It's wrong to leave the default value as KVM_MAX_MCE_BANKS.
Signed-off-by: Xiaoyao Li <xiaoyao.li@intel.com>
---
arch/x86/kvm/x86.c | 1 -
1 file changed, 1 deletion(-)
Comments
On Thu, Oct 20, 2022, Xiaoyao Li wrote: > vcpu->arch.mcg_cap represents the value of MSR_IA32_MCG_CAP. It's > set via ioctl(KVM_X86_SETUP_MCE) from userspace when exposing and > configuring MCE to guest. > > It's wrong to leave the default value as KVM_MAX_MCE_BANKS. Why? I agree it's an odd default, but the whole MCE API is odd. Functionally, I don't see anything that's broken by allowing the guest to access the MCx_CTL MSRs by default.
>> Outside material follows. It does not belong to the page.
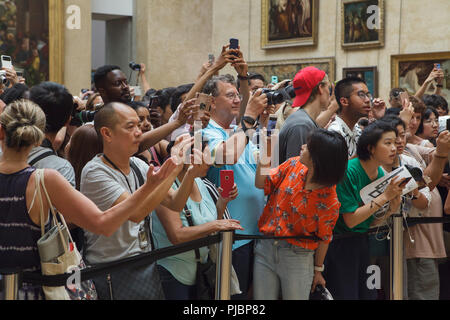 I visitatori utilizzano il loro smartphone per scattare foto e selfies con il famoso dipinto 'Mona Lisa' ('La Gioconda") dagli italiani pittore rinascimentale Leonardo da Vinci visualizzato nel museo del Louvre a Parigi, Francia. Foto Stock
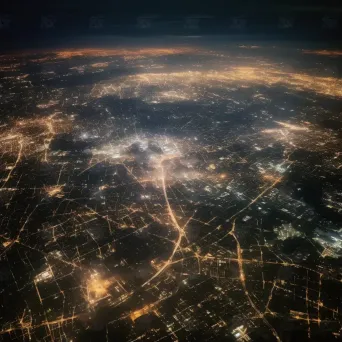 City lights shining brightly at night seen from airplane window - Image 1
On 10/20/2022 10:27 PM, Sean Christopherson wrote: > On Thu, Oct 20, 2022, Xiaoyao Li wrote: >> vcpu->arch.mcg_cap represents the value of MSR_IA32_MCG_CAP. It's >> set via ioctl(KVM_X86_SETUP_MCE) from userspace when exposing and >> configuring MCE to guest. >> >> It's wrong to leave the default value as KVM_MAX_MCE_BANKS. > > Why? I agree it's an odd default, but the whole MCE API is odd. Functionally, > I don't see anything that's broken by allowing the guest to access the MCx_CTL MSRs > by default. Yes. Allowing the access doesn't cause any issue for a VM. However, for the perspective of virtualization. It virtualizes a magic hardware that even CPUID.MCA/MCE is not advertised and MCE is not set up by userspace, guest is told there are 32 banks and all the banks can be accessed. The patch doesn't fix any issue but try to make the code more reasonable.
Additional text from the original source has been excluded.